A Manchester warehouse attached to the world’s oldest surviving mainline station will become a temporary exhibition space for the Museum of Science and Industry (MOSI).

The Grade I-listed, 1830 warehouse – designed by civil engineer George Stephenson – is part of the defunct Manchester Liverpool Road Station, described by English Heritage as the ‘Stonehenge of the railway’.

Now MOSI has launched a design competition to turn it into a £4 million, 7,500 sq ft exhibition space.

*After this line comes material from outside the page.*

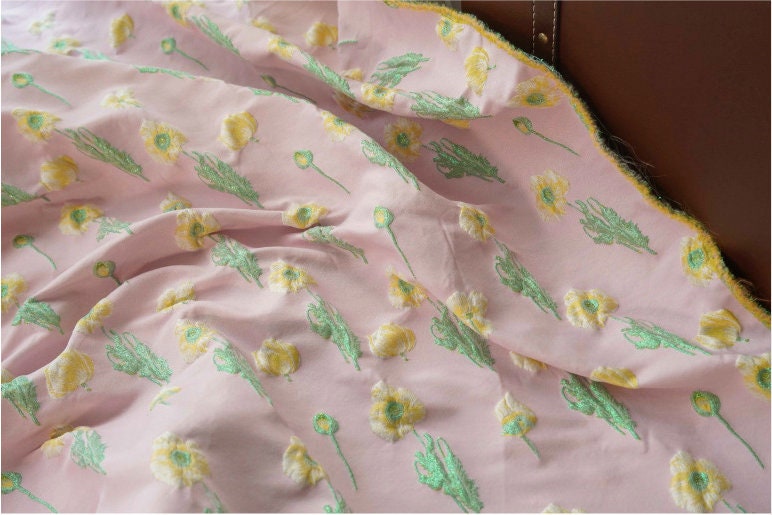 Pink Floral Jacquard Fabric: Reversible 3D Embossed Woven Material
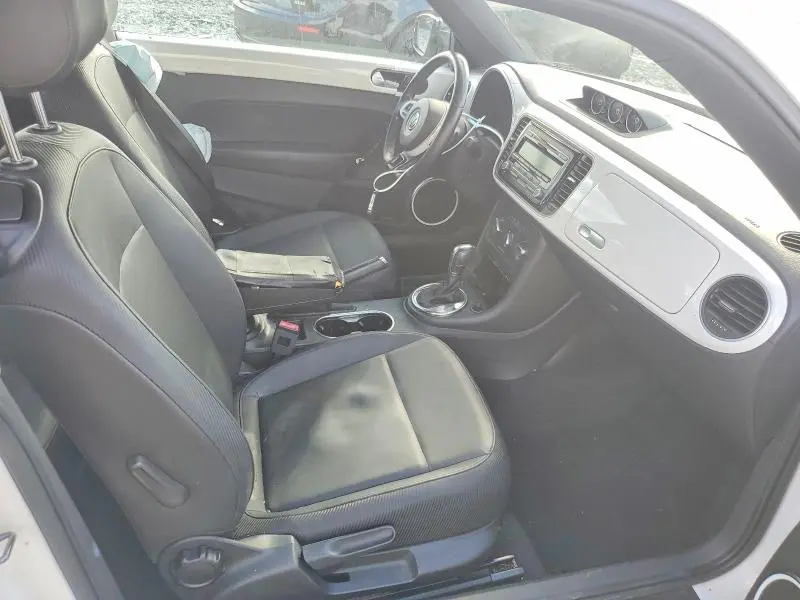 2013 VOLKSWAGEN BEETLE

‘Distinctive in character, the space will reveal the significance of the buildings and provide inspiration for curators and artists,’ reads a statement from MOSI, part of the Science Museum Group. ‘It will offer audiences new opportunities to explore science through historic and contemporary perspectives.’

warehouse interior

MOSI will select a design for the temporary space following the competition’s application deadline on 5 August, and expects the project to be completed in 2018.

‘The new exhibition space will help to shift the centre of gravity of the Science Museum Group towards the north and enable the museum to develop its own touring exhibitions that will go on to exhibit across the Science Museum Group and worldwide,’ MOSI adds.

Liverpool Road station – the Manchester terminus of the old Liverpool and Manchester Railway – has been closed to passenger train services since 1844 but operated as a goods yard until 1975.